Incidentalmente, la strategia molto differente di Enel ed Eni nel campo delle energie rinnovabili non appare il solo caso di imprese controllate dalla mano pubblica e che si comportano in maniera anche antitetica. Così, per quanto riguarda la politica del personale apprendiamo sempre in questi giorni che la nuova dirigenza della società Autostrade ha creato un comitato bilaterale di sviluppo strategico con i sindacati, imboccando un modello partecipativo in qualche modo sull’esempio tedesco; ma intanto alla Ita, la nuova società per il trasporto aereo, il suo presidente parla di licenziamenti indiscriminati ed insulta i suoi più stretti collaboratori, come riferisce ad esempio Il Fatto Quotidiano del 25 novembre.

Misteri romani. 

Cosa bisognerebbe fare    

Che fare? Intanto pensiamo che sul fronte delle nuove energie sia necessario accelerare, non rallentare, gli sforzi, strategia quest’ultima suicida nel lungo termine in un campo in grande sviluppo ed in rapida trasformazione; e questo sia per la salvezza del pianeta che per le prospettive dell’economia e dell’occupazione nel nostro paese.

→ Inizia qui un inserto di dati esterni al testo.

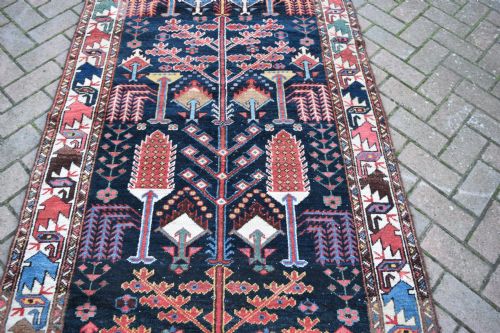 A BEAUTIFUL ANTIQUE BAKHTIARI RUNNER 390X108CM - ADDITIONAL PHOTO 5
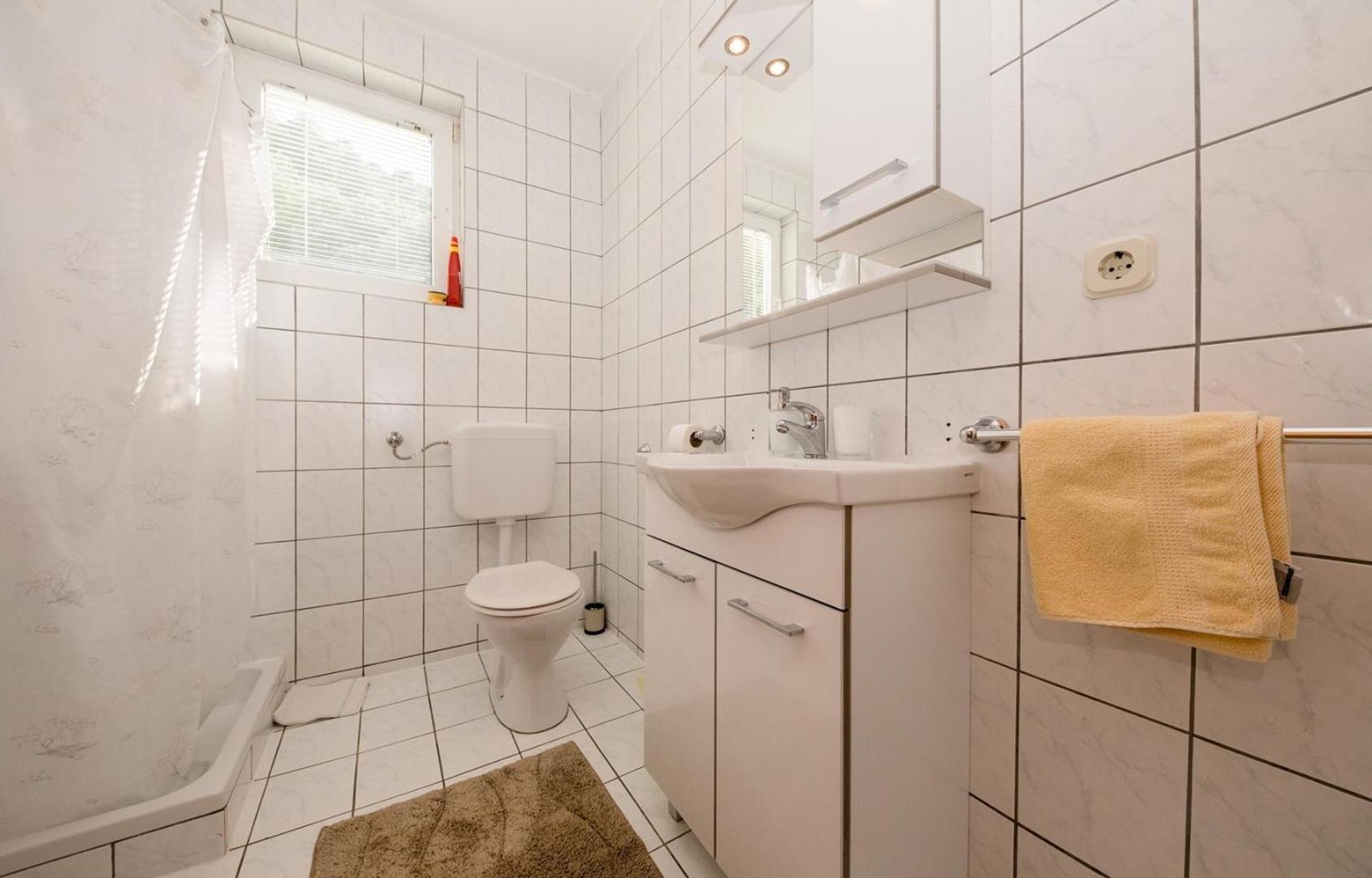 Apartments Halovic view 4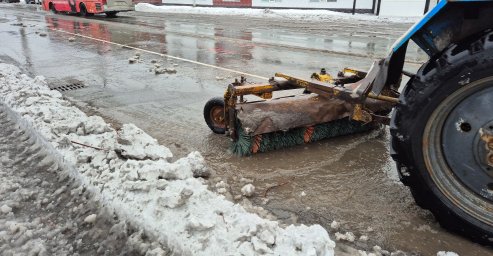 Дорожные службы в ночную смену продолжат работу по ликвидации последствий циклона в Петропавловске-Камчатском 3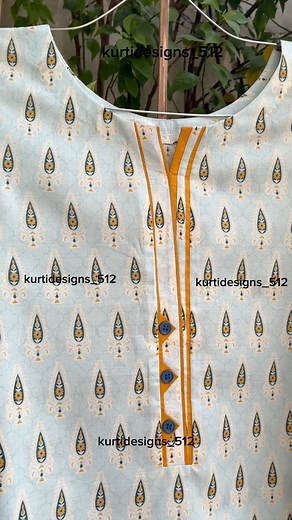 Elegant kurti designing ideas. #kurtidesign #summerdresses #pakistaniwear #PakistaniDesignerWear #pakistanifashion | Kurti Designs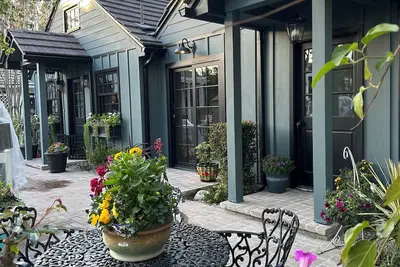 Image de Charming 1-bedroom cottage in lovely Van Nuys with WiFi, Ac.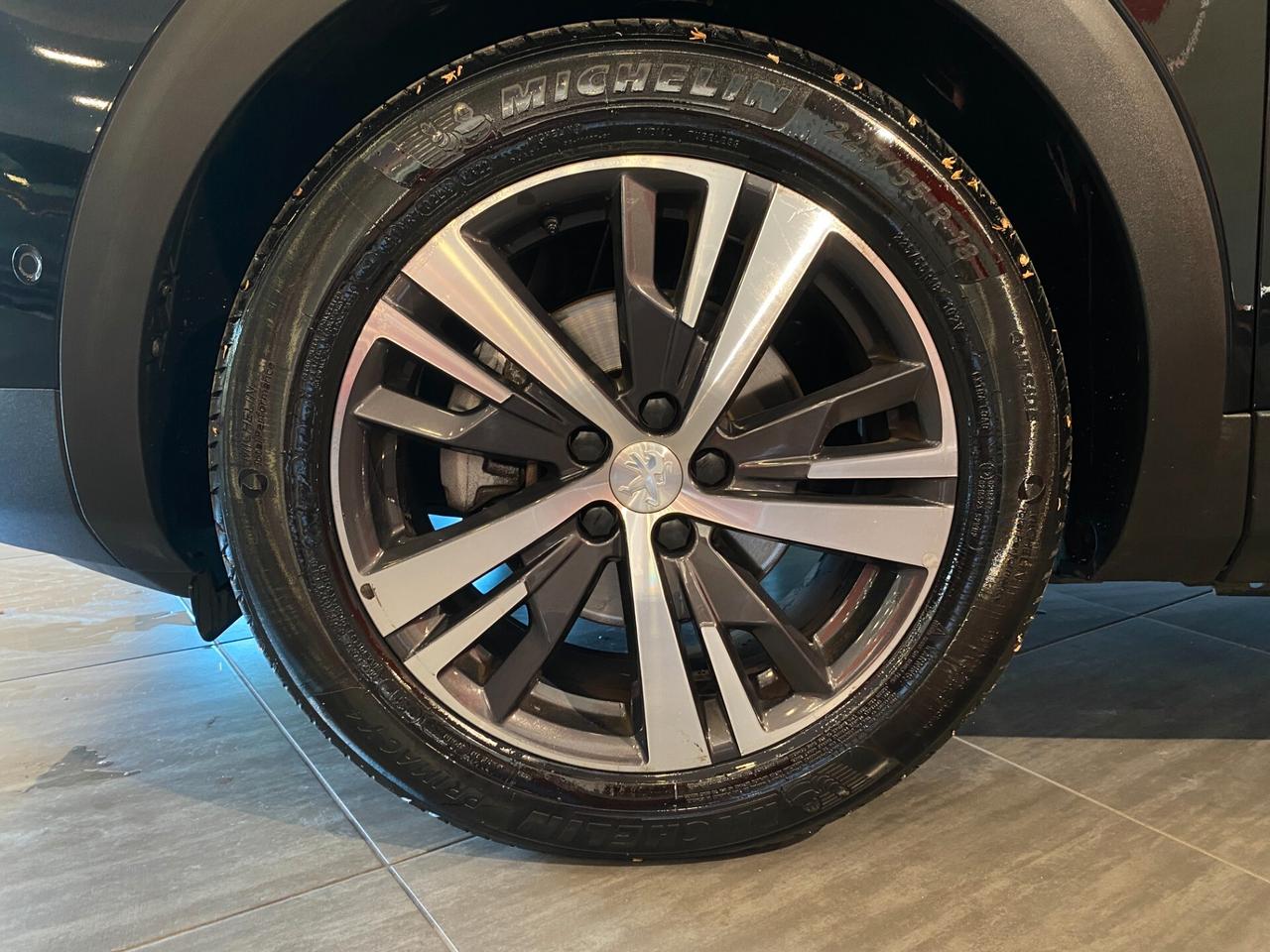 Peugeot 3008 BlueHDi 130 EAT8 Allure Pack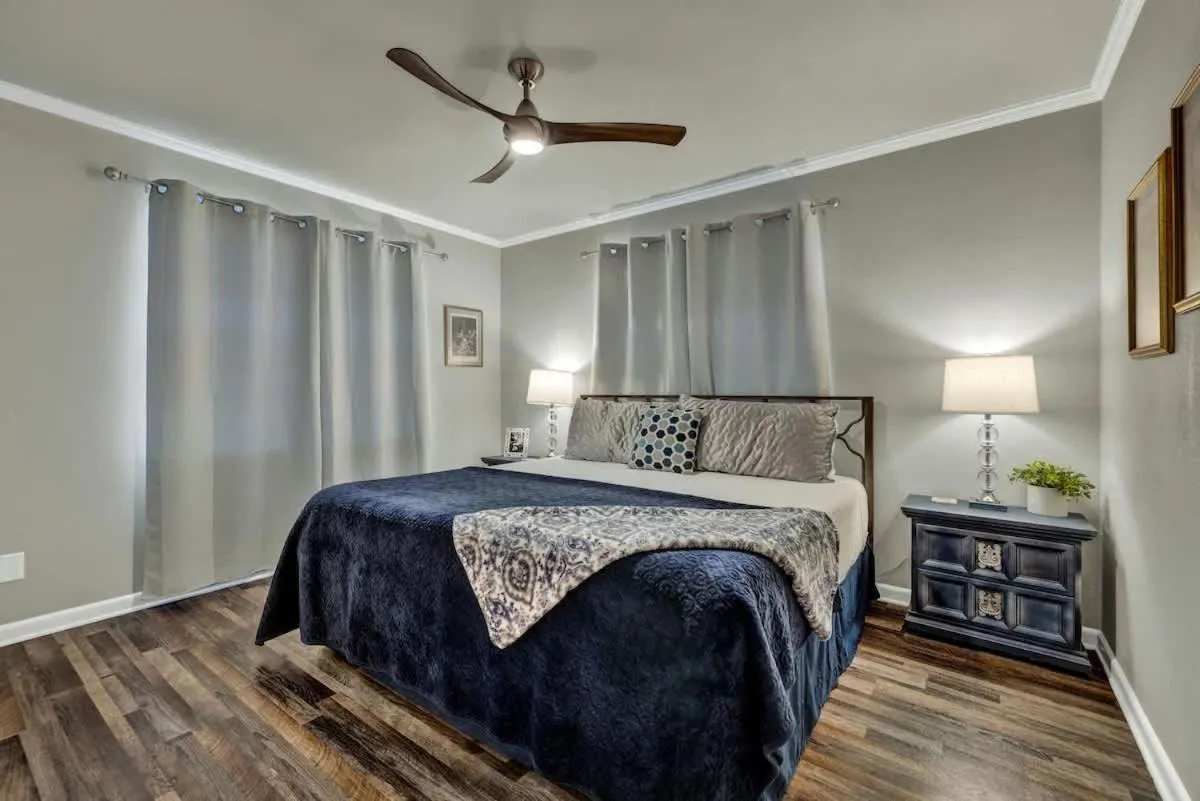 Bed in Fredericksburg Speakeasy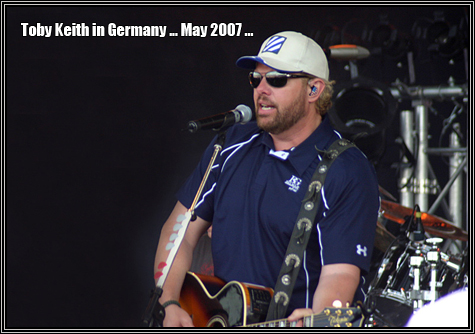 Toby Keith concert ... Germany ... May 2007 ... photo provided by SFC Darrin Domko ... 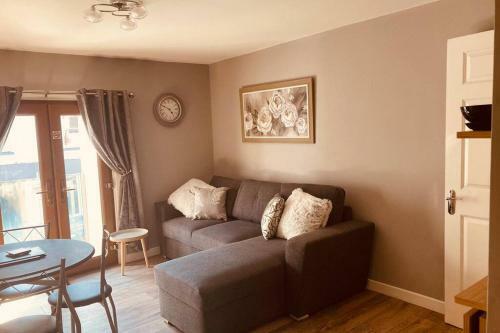 Luxurious 2-bed Town Centre Apartment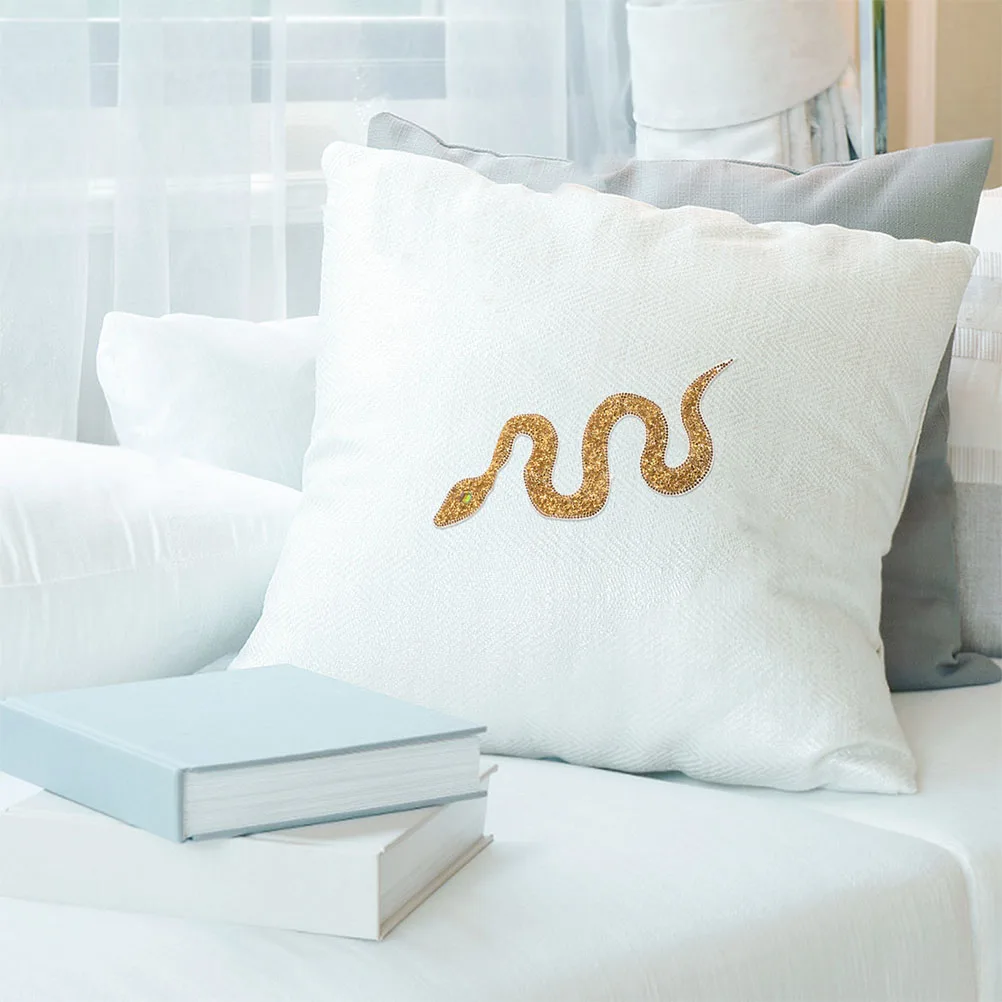 

2 Pcs Snake Shaped Rhinestone Cloth Patch Gold Banner Kite Brooch Pin Plastic Rhinestones Miss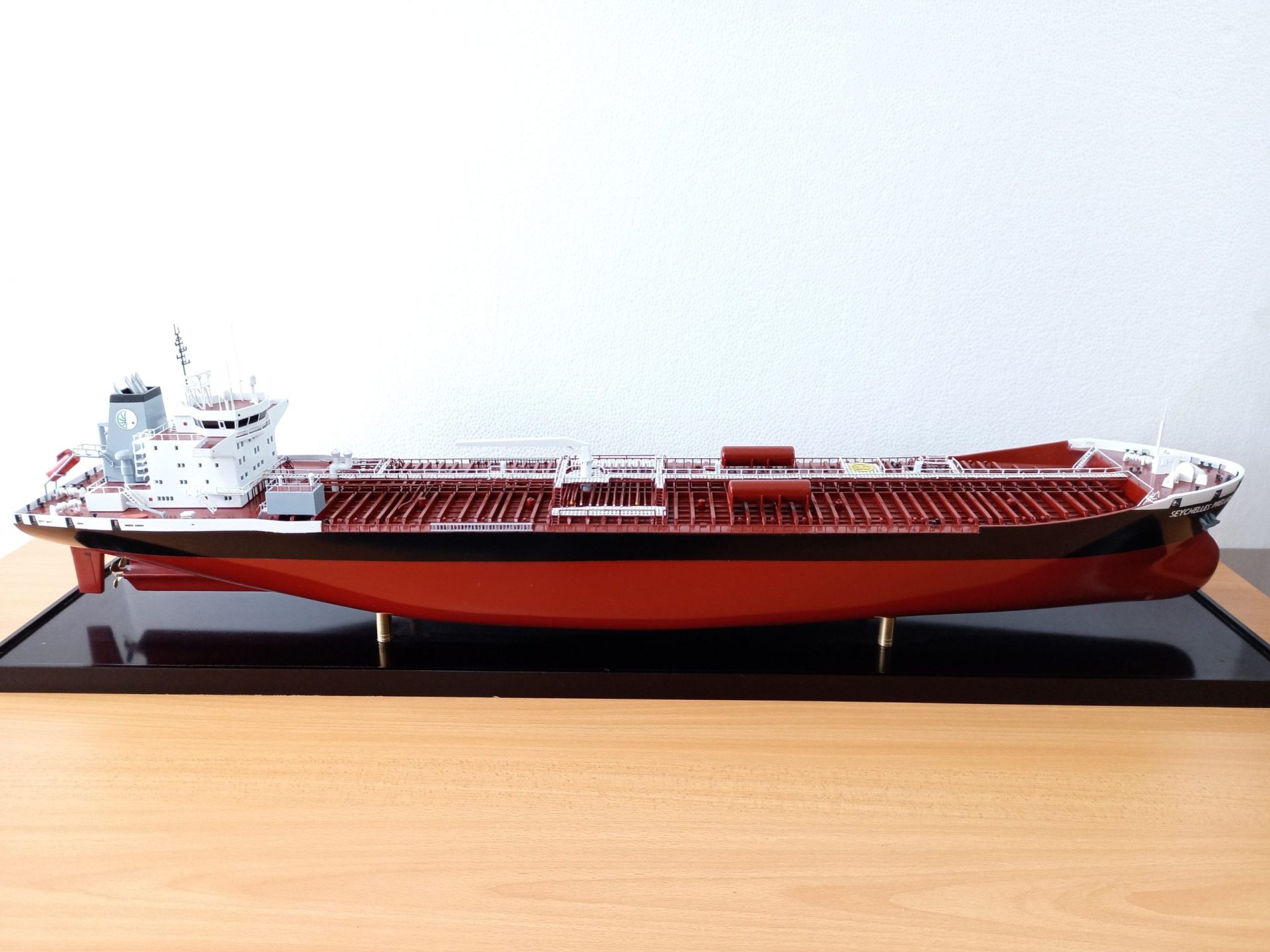 KlFyWP4w-1-scaled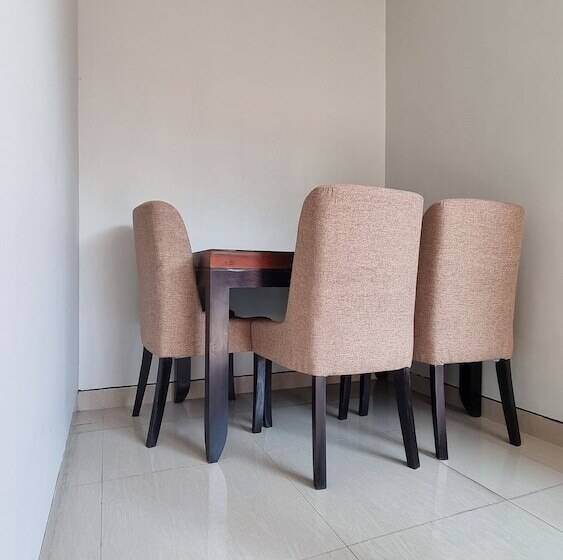 پانسیون Oemah Wisata Ringinsari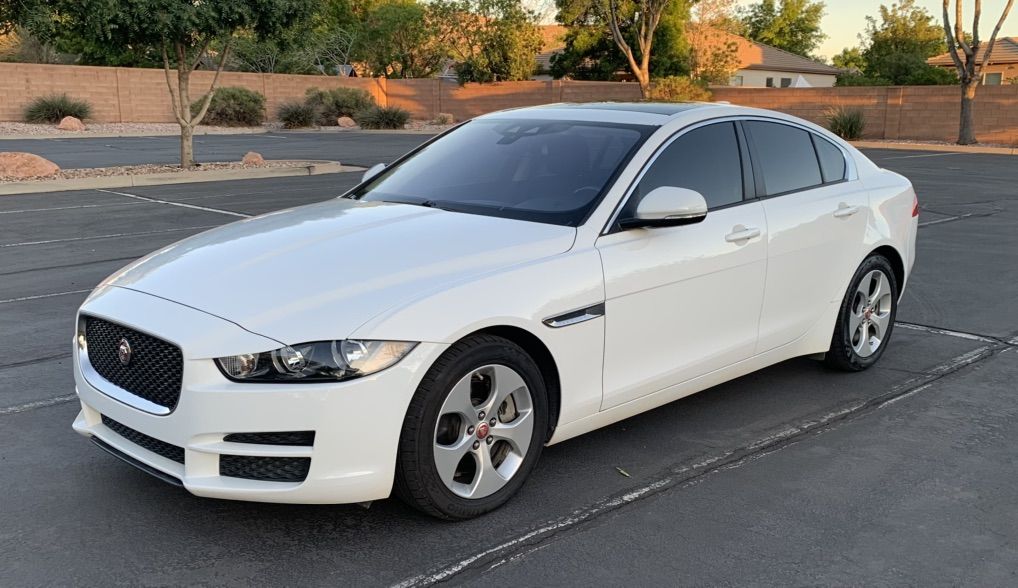 2017 Jaguar XE 25t Premium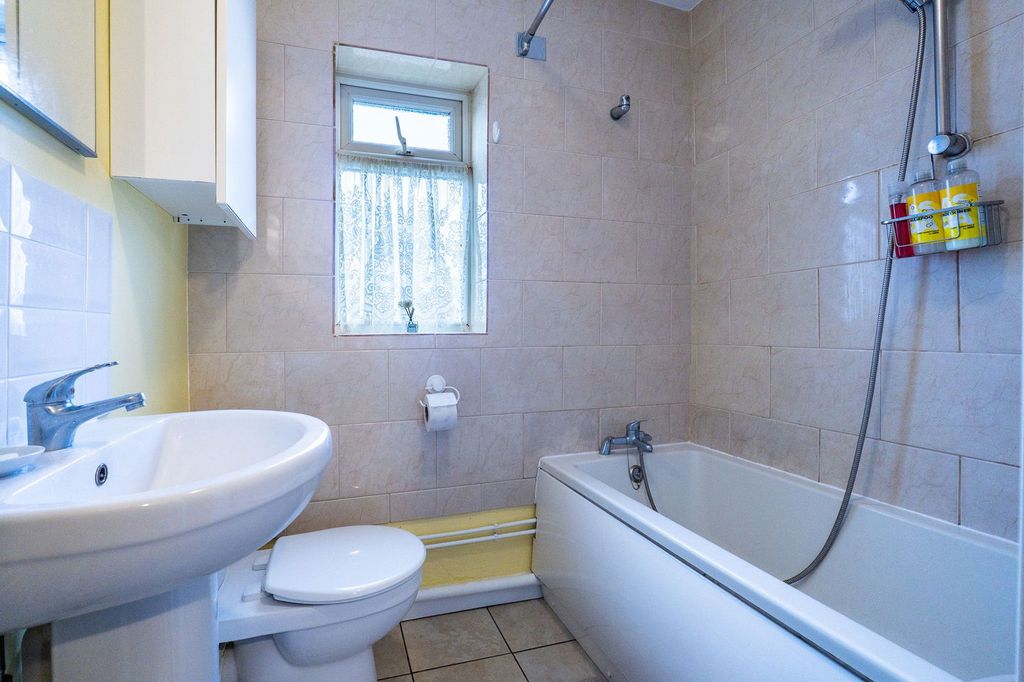Additional image 9 of 4 bed terraced house for saleDylan Drive, Caerphilly CF83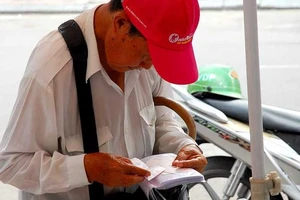 Người mua vé sổ truyền thống nhiều khi có khuynh hướng mua xong rồi "để quên đâu đó".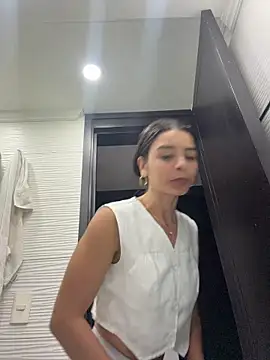 violeta365 online show from July 21, 2026, 8:33 pm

Quello che manca nel settore dell’automotive e dell’energia è una presenza adeguata del governo, che solo potrebbe sbrogliare il problema del contemperamento dell’innovazione e dell’occupazione, con un piano di intervento massiccio, imponendo anche, tra l’altro, all’Eni di smetterla di scherzare. Senza tale presenza l’Italia non governerà il problema né dell’auto né dell’energia. 

Ma forse è da disperati sperare che Draghi e Giorgetti facciano la cosa giusta ed intervengano con efficacia. Per la verità qualche mese fa il viceministro dell’economia, Gilberto Pichetto Fratin, aveva annunciato un modesto piano di riconversione per l’automotive, ma nel frattempo non sembra essere successo niente.